Directions | The response should be an exact transcription of the data below, free of images.
Segment Start: Records for processing
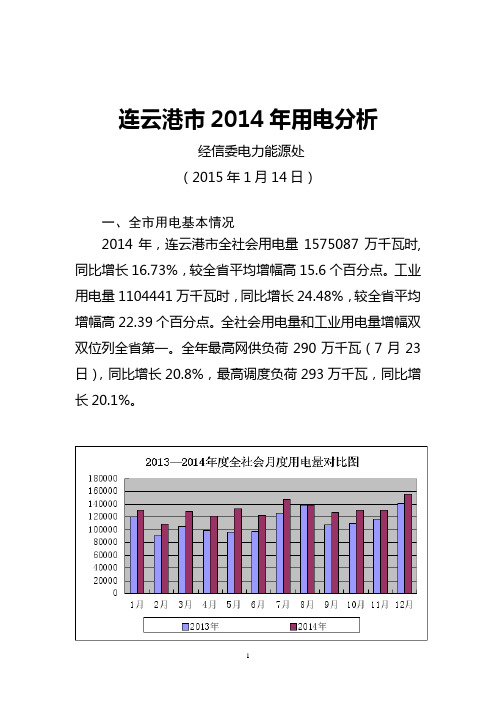 2014年全年用电分析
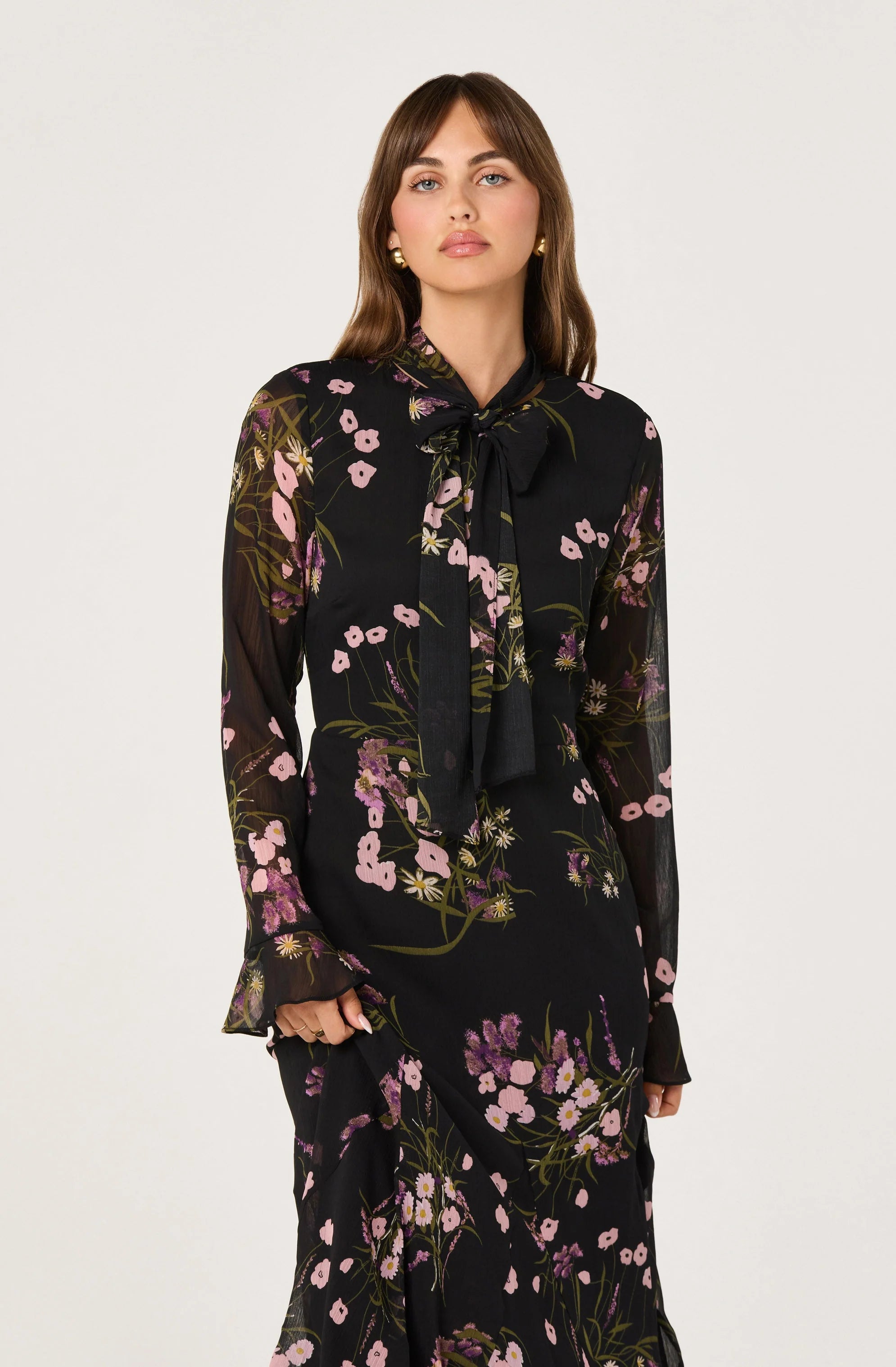 Tie-Neck Ruffled Midi Dress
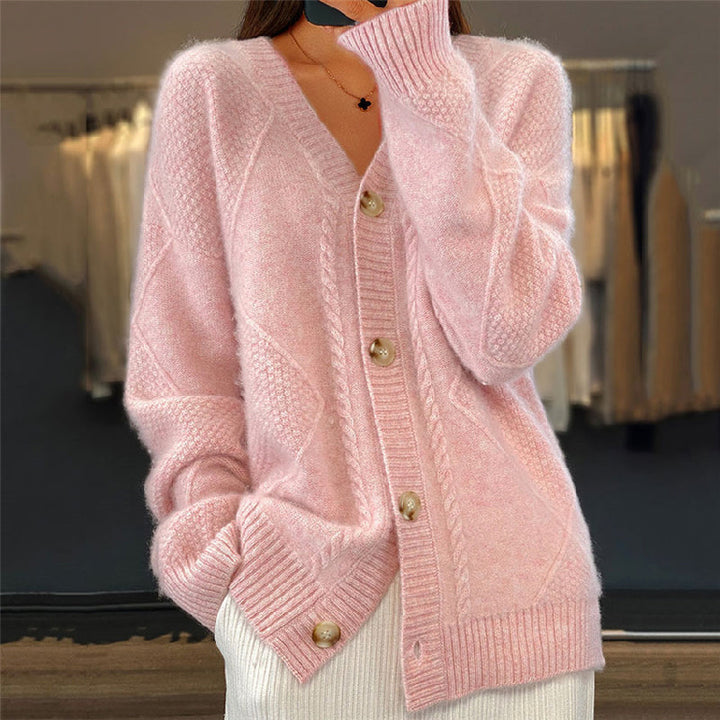 Women's Stylish Cable Knit Button Up Cardigan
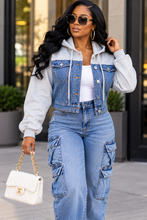 Load image into Gallery viewer, Denim Contrast Hoodie Jacket
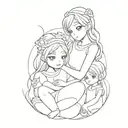 husband Alexander wife Samira daughter Kira daughter Vasilisa Anime Mini tattoo tattoo design idea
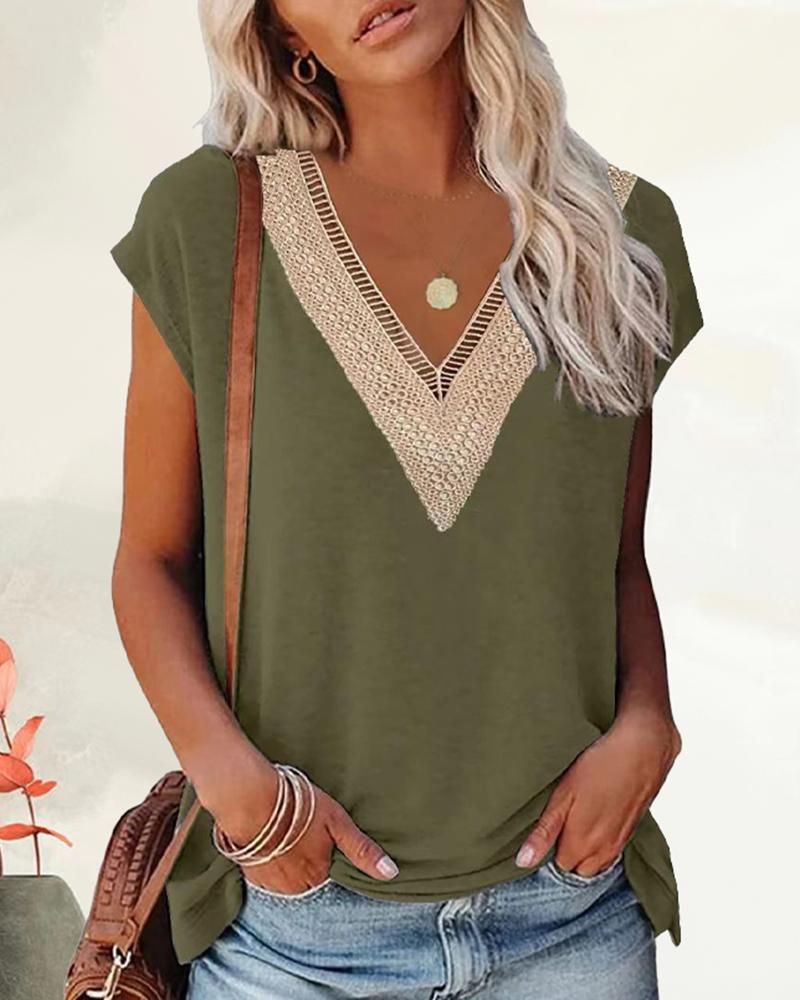 

Cap Sleeve Contrast Lace Top, Army green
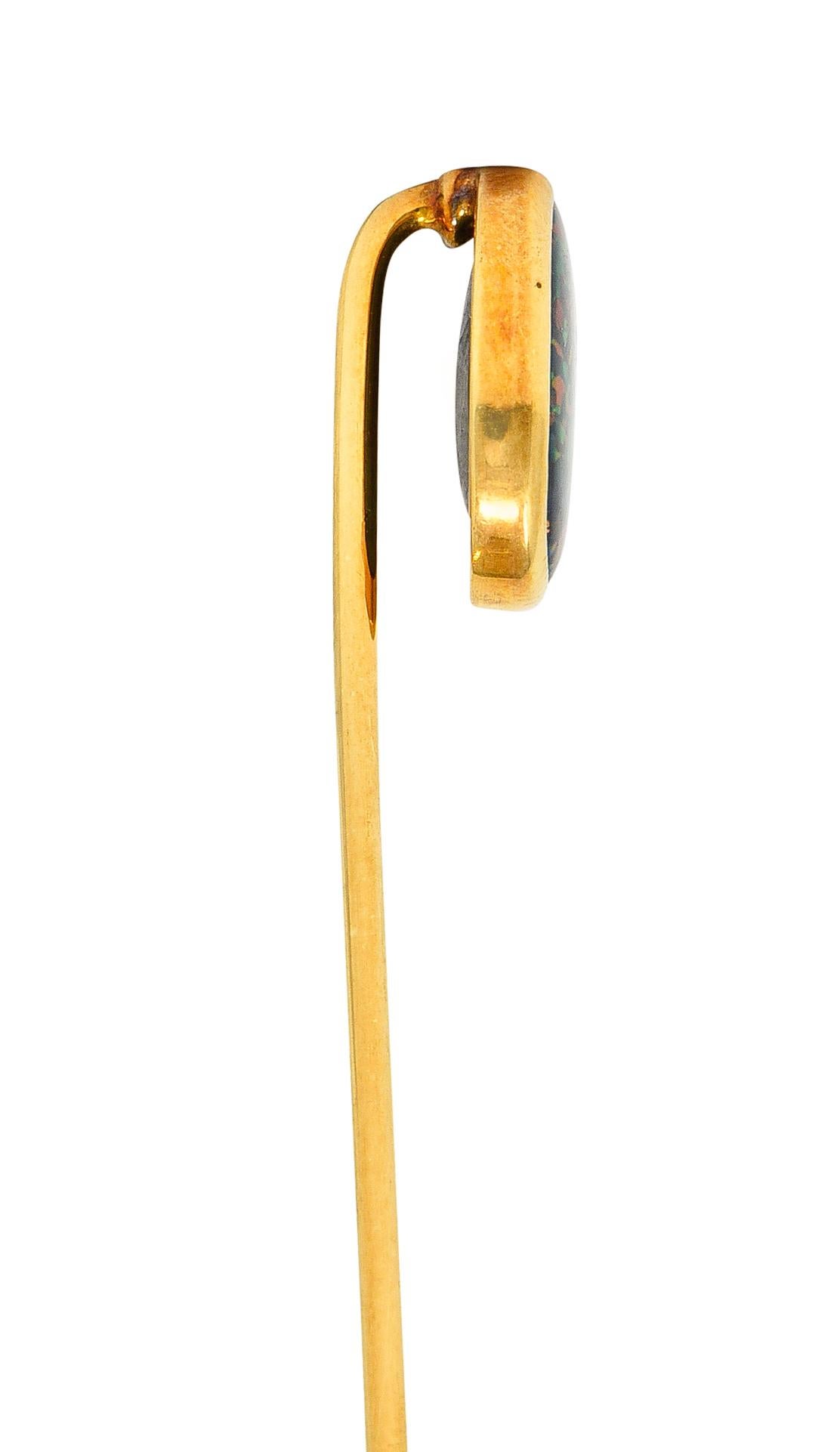 Victorian Black Opal Cabochon 18 Karat Gold Oval Stickpin GIA 2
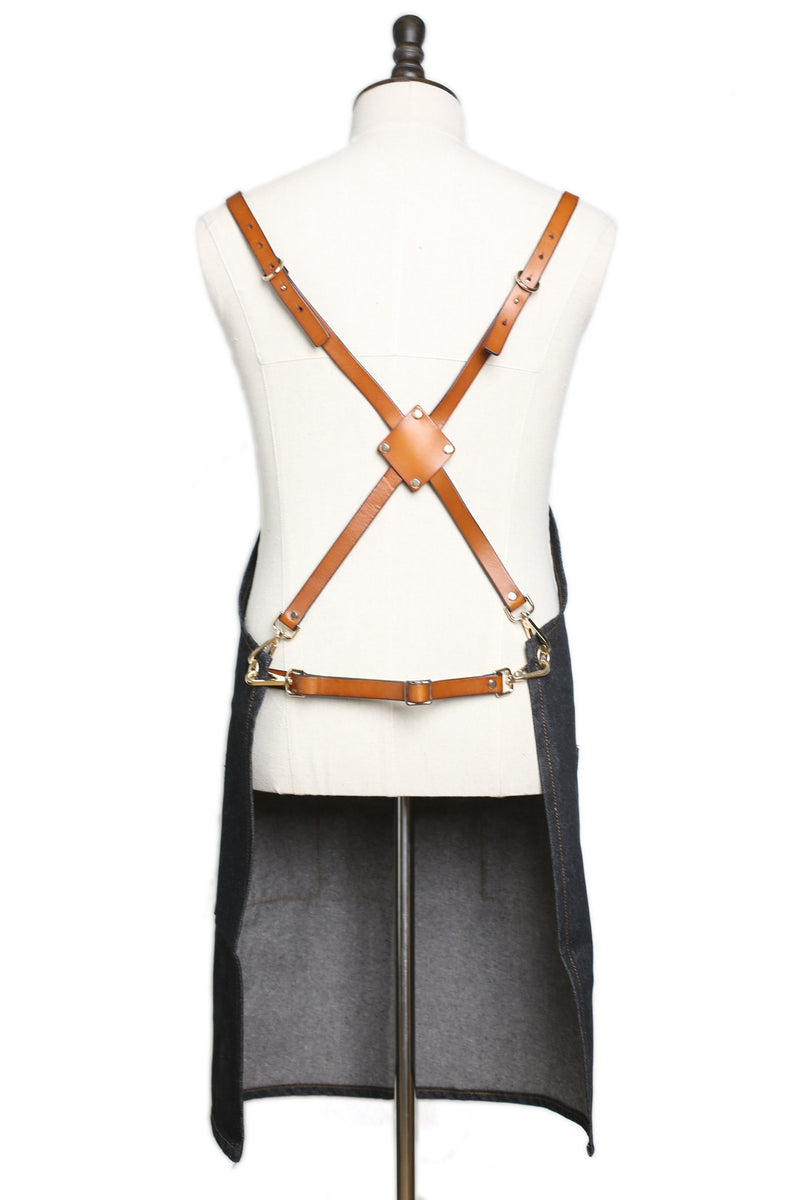 ササフラス　Landscaper Apron ホワイト　エプロン　セールsale Waxed Canvas and Leather Apron Crafter Apron Barista's Apron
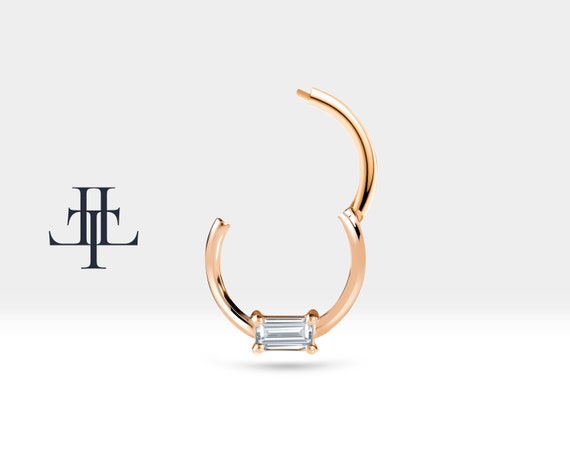 Cartilage Hoop Baguette Cut Diamond Clicker Single Earring 14K Gold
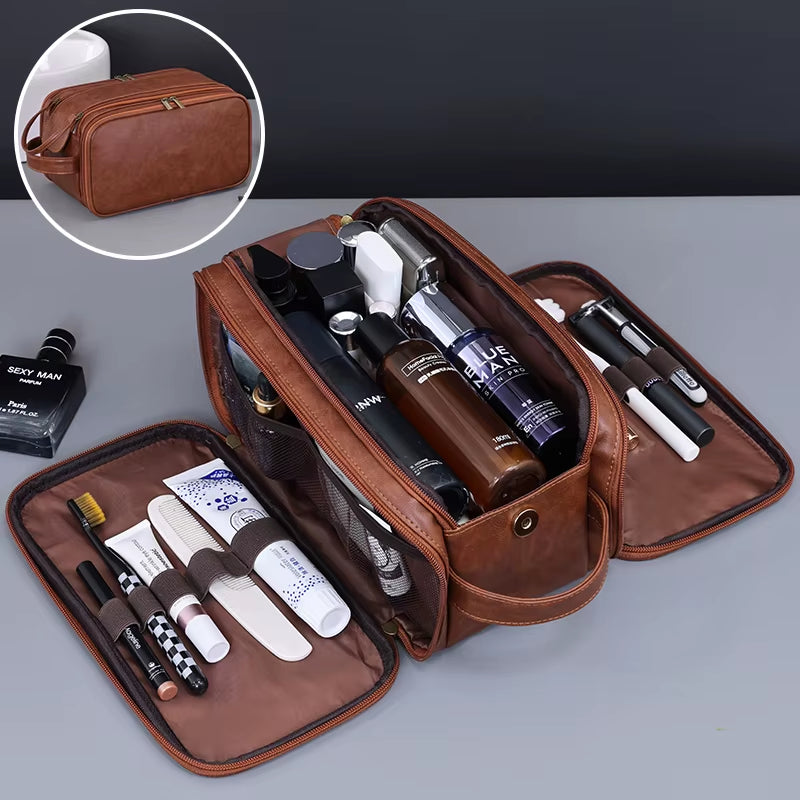 Multi Pockets PU Toiletry Bag for Women Men Travel Essentials Makeup Bag Waterproof Hanging Bag Cosmetic Washing Organizer Bag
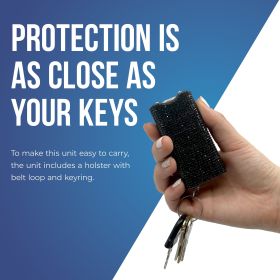 Streetwise Rhinestun Keychain Stun Gun (Color: Silver)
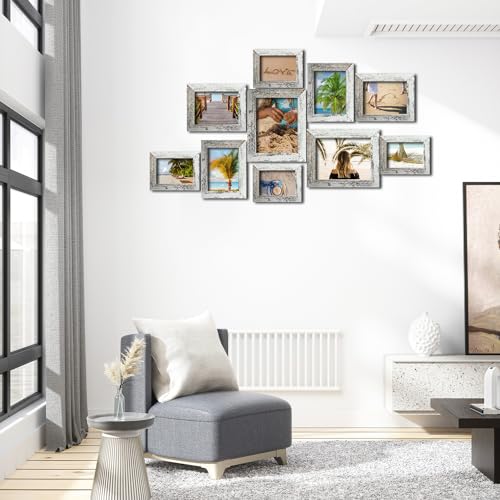 xnlkros Picture Frame Set 10 pack, Farmhouse Photo Frames, Gallery Wall Frame Collage, 8x10 5x7 4x6 Frames in 3 Different ...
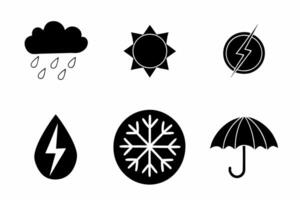 Weather icons minimalist design simple shapes, rain cloud, moon, sun, lightning bolt, snowflake, umbrella vector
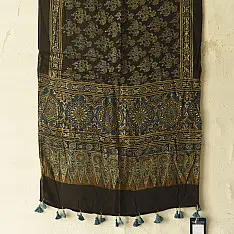 Anagi | Natural Dyed Ajrakh Printed - Modal Silk Black Stole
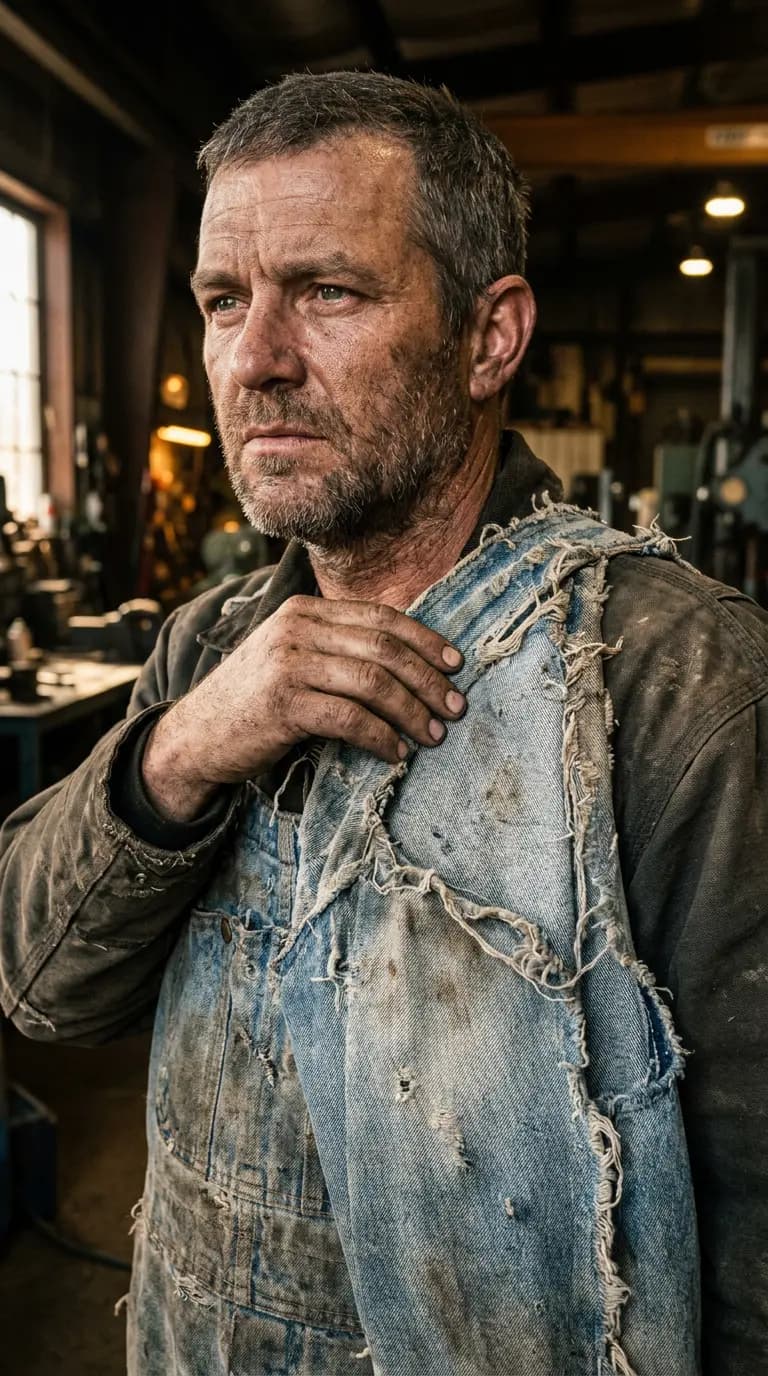 Arbeiter in zerrissener Latzhose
Segment End: Records for processing
Solution for this task |
 2014年全年用电分析
 Tie-Neck Ruffled Midi Dress
 Women's Stylish Cable Knit Button Up Cardigan
 Load image into Gallery viewer, Denim Contrast Hoodie Jacket
 husband Alexander wife Samira daughter Kira daughter Vasilisa Anime Mini tattoo tattoo design idea

Cap Sleeve Contrast Lace Top, Army green
 Victorian Black Opal Cabochon 18 Karat Gold Oval Stickpin GIA 2
 ササフラス　Landscaper Apron ホワイト　エプロン　セールsale Waxed Canvas and Leather Apron Crafter Apron Barista's Apron
 Cartilage Hoop Baguette Cut Diamond Clicker Single Earring 14K Gold
 Multi Pockets PU Toiletry Bag for Women Men Travel Essentials Makeup Bag Waterproof Hanging Bag Cosmetic Washing Organizer Bag
 Streetwise Rhinestun Keychain Stun Gun (Color: Silver)
 xnlkros Picture Frame Set 10 pack, Farmhouse Photo Frames, Gallery Wall Frame Collage, 8x10 5x7 4x6 Frames in 3 Different ...
 Weather icons minimalist design simple shapes, rain cloud, moon, sun, lightning bolt, snowflake, umbrella vector
 Anagi | Natural Dyed Ajrakh Printed - Modal Silk Black Stole
 Arbeiter in zerrissener Latzhose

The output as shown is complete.